Source data
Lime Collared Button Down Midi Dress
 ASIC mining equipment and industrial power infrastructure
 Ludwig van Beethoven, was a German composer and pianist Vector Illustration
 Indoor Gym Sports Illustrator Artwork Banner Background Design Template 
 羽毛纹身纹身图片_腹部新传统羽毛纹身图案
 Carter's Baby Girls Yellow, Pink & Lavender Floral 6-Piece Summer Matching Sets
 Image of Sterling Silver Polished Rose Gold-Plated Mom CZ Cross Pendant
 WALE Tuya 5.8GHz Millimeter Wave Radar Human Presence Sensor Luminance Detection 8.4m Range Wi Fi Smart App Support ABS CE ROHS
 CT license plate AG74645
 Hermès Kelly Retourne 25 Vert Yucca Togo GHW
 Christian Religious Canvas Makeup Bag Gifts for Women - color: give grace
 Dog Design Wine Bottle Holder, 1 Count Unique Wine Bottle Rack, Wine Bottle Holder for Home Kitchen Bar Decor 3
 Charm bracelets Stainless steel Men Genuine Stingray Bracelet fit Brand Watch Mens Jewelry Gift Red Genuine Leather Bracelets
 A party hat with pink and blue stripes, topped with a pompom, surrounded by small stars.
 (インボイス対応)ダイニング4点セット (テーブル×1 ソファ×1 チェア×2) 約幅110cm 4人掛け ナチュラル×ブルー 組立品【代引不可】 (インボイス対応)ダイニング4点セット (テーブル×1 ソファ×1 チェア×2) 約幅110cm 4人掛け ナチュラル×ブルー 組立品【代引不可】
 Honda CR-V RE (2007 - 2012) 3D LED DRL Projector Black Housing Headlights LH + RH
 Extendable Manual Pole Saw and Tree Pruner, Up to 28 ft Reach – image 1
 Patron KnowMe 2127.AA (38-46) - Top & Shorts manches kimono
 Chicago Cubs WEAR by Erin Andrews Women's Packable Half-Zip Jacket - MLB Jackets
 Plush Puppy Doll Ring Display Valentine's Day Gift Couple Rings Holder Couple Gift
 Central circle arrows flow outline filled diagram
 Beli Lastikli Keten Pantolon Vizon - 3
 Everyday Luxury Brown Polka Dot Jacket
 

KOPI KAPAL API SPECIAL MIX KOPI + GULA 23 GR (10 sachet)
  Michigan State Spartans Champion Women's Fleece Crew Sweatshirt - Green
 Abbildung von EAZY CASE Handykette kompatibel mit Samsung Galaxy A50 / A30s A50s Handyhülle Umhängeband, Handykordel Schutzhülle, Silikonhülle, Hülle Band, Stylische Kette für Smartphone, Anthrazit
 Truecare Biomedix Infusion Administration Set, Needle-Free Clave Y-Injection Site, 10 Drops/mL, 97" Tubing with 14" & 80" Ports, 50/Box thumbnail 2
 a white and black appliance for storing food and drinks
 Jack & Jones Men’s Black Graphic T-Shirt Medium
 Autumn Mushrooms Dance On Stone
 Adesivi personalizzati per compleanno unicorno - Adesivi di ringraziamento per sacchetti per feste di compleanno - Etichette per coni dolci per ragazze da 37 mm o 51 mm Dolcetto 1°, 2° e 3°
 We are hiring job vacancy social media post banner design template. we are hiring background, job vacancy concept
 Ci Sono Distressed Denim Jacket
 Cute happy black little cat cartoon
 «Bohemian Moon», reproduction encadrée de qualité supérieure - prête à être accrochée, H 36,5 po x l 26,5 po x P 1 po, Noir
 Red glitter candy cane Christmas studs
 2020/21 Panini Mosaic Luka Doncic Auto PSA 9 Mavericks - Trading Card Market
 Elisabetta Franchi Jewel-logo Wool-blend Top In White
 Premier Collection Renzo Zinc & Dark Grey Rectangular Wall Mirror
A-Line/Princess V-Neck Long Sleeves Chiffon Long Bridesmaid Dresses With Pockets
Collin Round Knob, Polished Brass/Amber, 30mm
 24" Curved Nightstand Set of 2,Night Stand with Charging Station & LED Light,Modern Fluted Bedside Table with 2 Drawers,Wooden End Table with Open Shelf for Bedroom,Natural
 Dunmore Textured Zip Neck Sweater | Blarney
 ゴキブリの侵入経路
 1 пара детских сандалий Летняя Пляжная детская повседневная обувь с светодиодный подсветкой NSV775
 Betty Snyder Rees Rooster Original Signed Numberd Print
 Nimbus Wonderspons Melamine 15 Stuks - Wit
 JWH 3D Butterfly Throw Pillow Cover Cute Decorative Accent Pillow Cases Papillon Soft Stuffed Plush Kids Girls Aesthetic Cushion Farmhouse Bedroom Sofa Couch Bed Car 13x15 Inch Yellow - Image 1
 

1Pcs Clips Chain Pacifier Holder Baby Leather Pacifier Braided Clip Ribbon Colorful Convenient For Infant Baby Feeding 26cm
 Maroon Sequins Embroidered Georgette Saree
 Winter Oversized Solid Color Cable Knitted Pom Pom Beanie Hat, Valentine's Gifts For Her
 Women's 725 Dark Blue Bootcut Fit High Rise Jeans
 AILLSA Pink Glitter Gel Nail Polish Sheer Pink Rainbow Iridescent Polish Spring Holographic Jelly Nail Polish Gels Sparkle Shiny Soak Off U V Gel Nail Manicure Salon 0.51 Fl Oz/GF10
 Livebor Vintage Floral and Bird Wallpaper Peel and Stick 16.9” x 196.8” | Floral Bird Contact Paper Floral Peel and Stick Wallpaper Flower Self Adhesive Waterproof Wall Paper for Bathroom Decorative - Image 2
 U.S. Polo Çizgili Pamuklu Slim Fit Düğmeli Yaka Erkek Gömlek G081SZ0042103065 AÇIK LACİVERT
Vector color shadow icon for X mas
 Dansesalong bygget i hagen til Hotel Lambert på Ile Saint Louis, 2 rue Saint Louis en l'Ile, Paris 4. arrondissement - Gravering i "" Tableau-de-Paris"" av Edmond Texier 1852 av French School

Task brief:
Find each line in the data above with the word "Decorative", then copy it.

Exercise result:
 JWH 3D Butterfly Throw Pillow Cover Cute Decorative Accent Pillow Cases Papillon Soft Stuffed Plush Kids Girls Aesthetic Cushion Farmhouse Bedroom Sofa Couch Bed Car 13x15 Inch Yellow - Image 1
 Livebor Vintage Floral and Bird Wallpaper Peel and Stick 16.9” x 196.8” | Floral Bird Contact Paper Floral Peel and Stick Wallpaper Flower Self Adhesive Waterproof Wall Paper for Bathroom Decorative - Image 2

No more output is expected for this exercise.